パン屋でパンを買う購入代金としてのお金と株式取引所で扱われる資本のお金は異なる種類のお金。
先進国の資本は増えつづけ、世界の5分の4はますます貧しくなっていきます。
成長は無からくるのではなく、どこかがその犠牲になっている。
貨幣を実際になされた労働や物的価値の等価代償として取り戻すためにはいまの貨幣システムの何を変えるべきなのか、ということです。

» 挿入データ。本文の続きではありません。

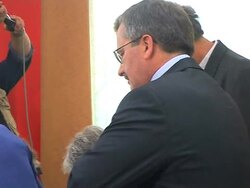 CLEAN: Poland votes for new president after crash tragedy News Clip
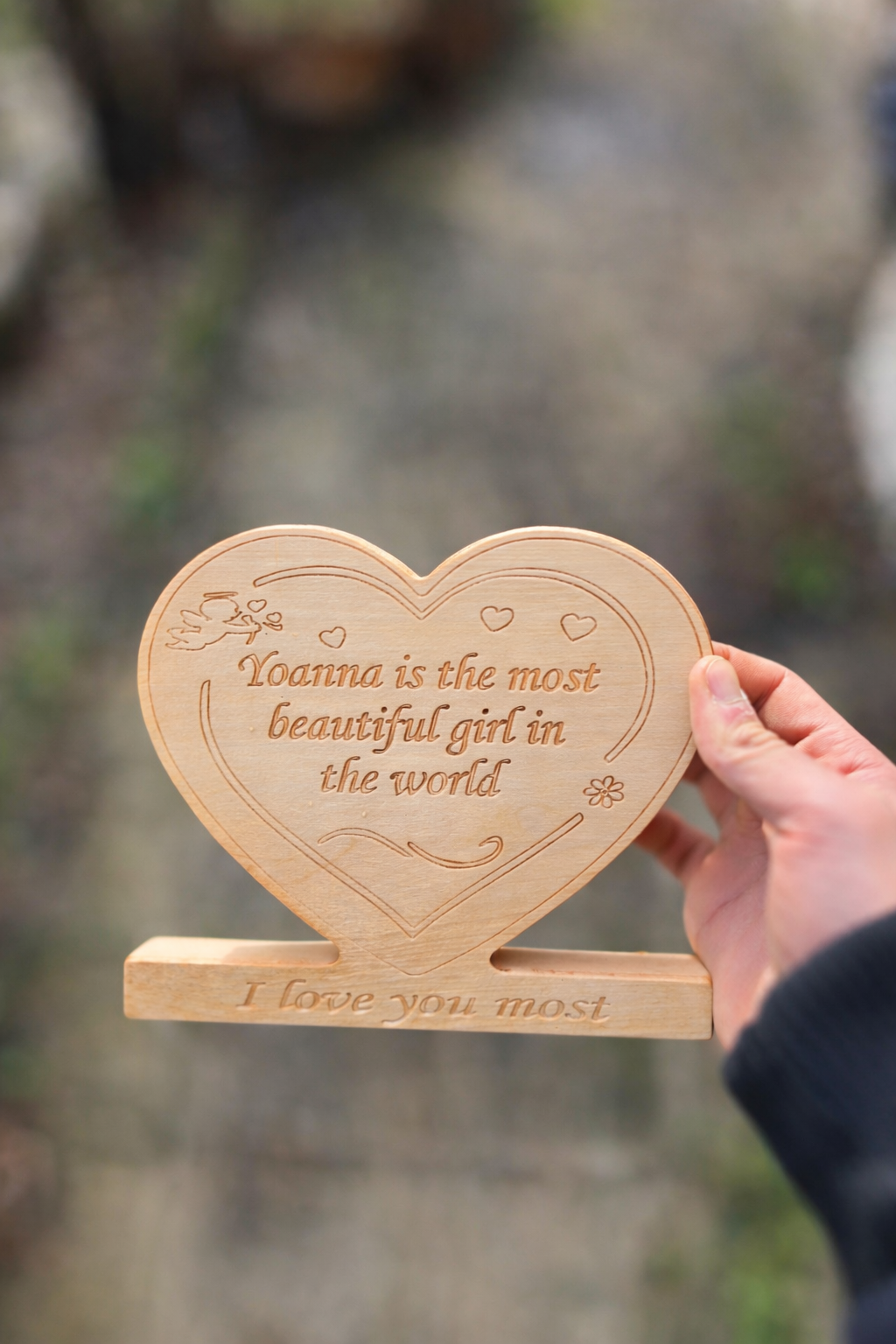 Дървено сърце с опция за персонализирано име и mekcm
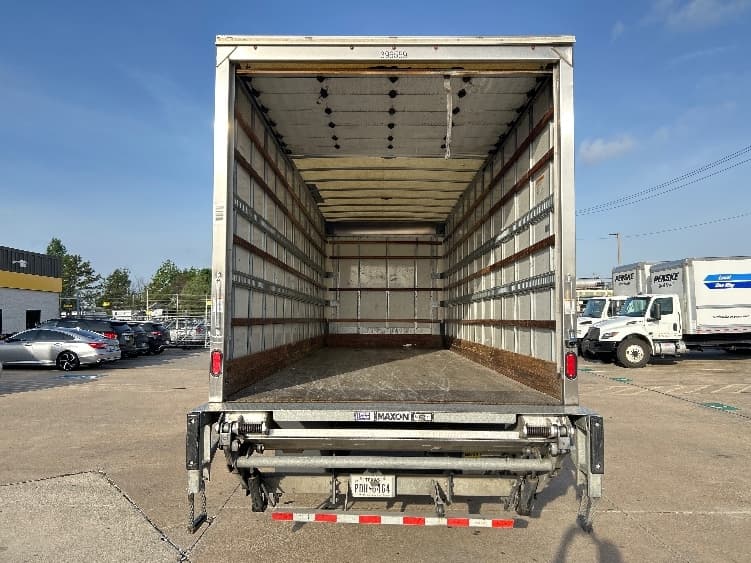 2022 Freightliner M2 106 in Houston, TX — photo 8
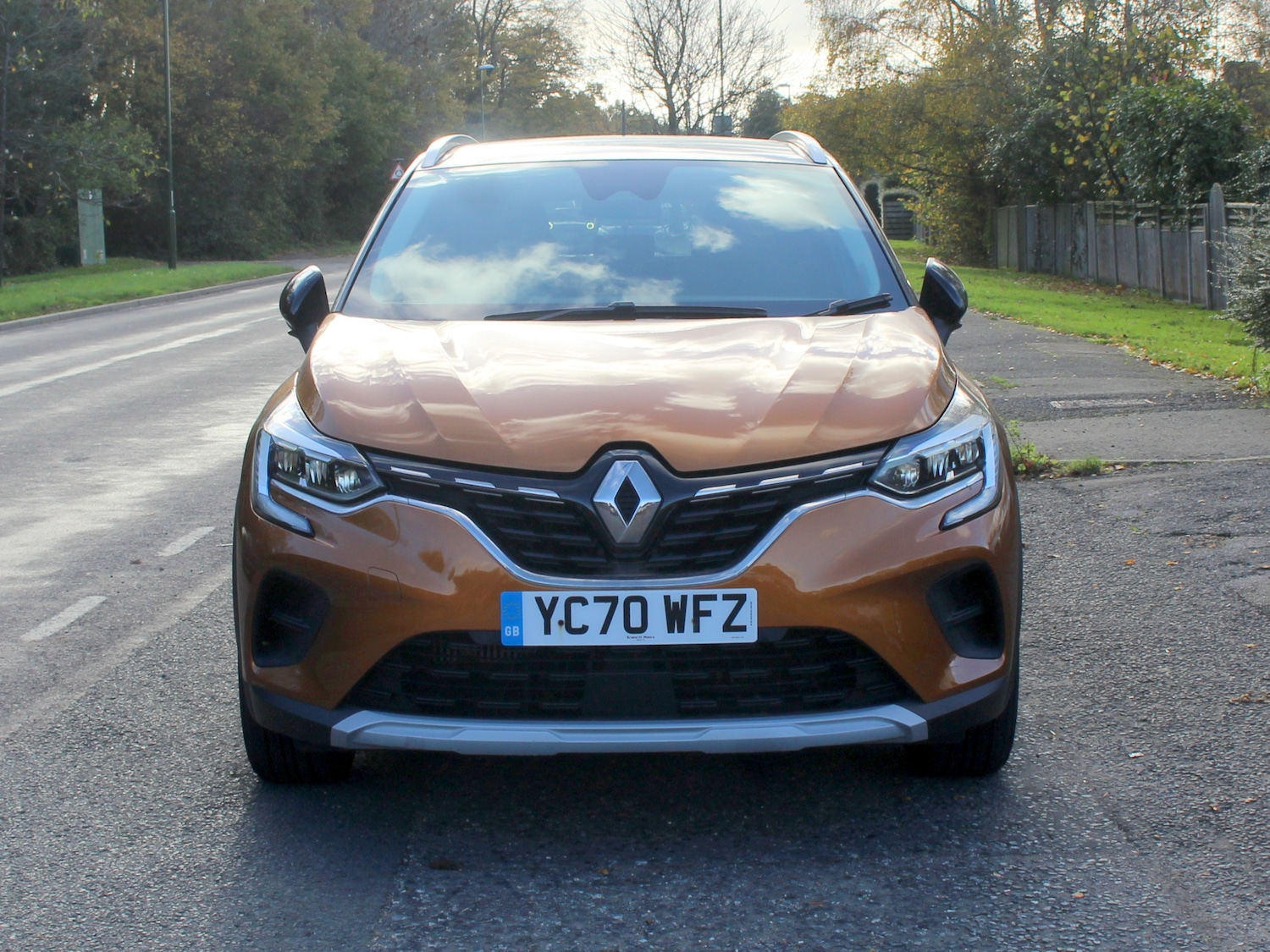 Used Renault Captur 2020 for sale - 76577434: Photo 2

これは人類がこの惑星上で今後も生存できるかどうかを決める決定的な問いである。
腐るお金(ゲゼルマネー)
お金は老化しなければならない
お金で買ったものは消費される
- ジャガイモは食べれば
- 靴は履きつぶせば
しかしその購入に使ったお金はなくならない
その結果、モノとしてのお金と消費物資との間で不当競争が行われている。
お金も経済プロセスの終わりにはなくなるべき。
ゲゼルマネーの実践例
1929年の世界大恐慌後のオーストリアのヴェルグルという町での話。
町の状態
負債を抱え、失業者も多かった。
老化するお金のシステム
町長が現行の貨幣のほかにこれを導入した。
一ヶ月ごとに1%ずつ価値が減少する。
町民は毎月1%分のスタンプを買って老化するお金に貼らなくてはならない。
導入後の結果
このお金はもっていても減るので皆がそれをすぐに使った。
お金は持ち主を変えれば変えるほど購買力が大きくなる。
お金を借りても利子を払う必要がないので、皆がお金を借りて仕事を始めた。
二年後に失業者の姿が消え、町の負債もなくなった。
しかし、オーストリア政府が
紙幣の発行は国の独占的な権利である
という理由でこのお金は禁止されてしまった。
腐るお金(ゲゼルマネー)のまとめ
お金は永続性があり、腐らないからこそ価値が高く、みんながそれを貯めこんでしまい、経済が回らなくなる。
循環しない貨幣は世界を大きな危機に人類を貧困に陥れます。
エンデはその問題を指摘しており、どうすればよいのかをひたすら考えています。
マイナス金利について否定的な考えの人も一度は読んでみて欲しいです。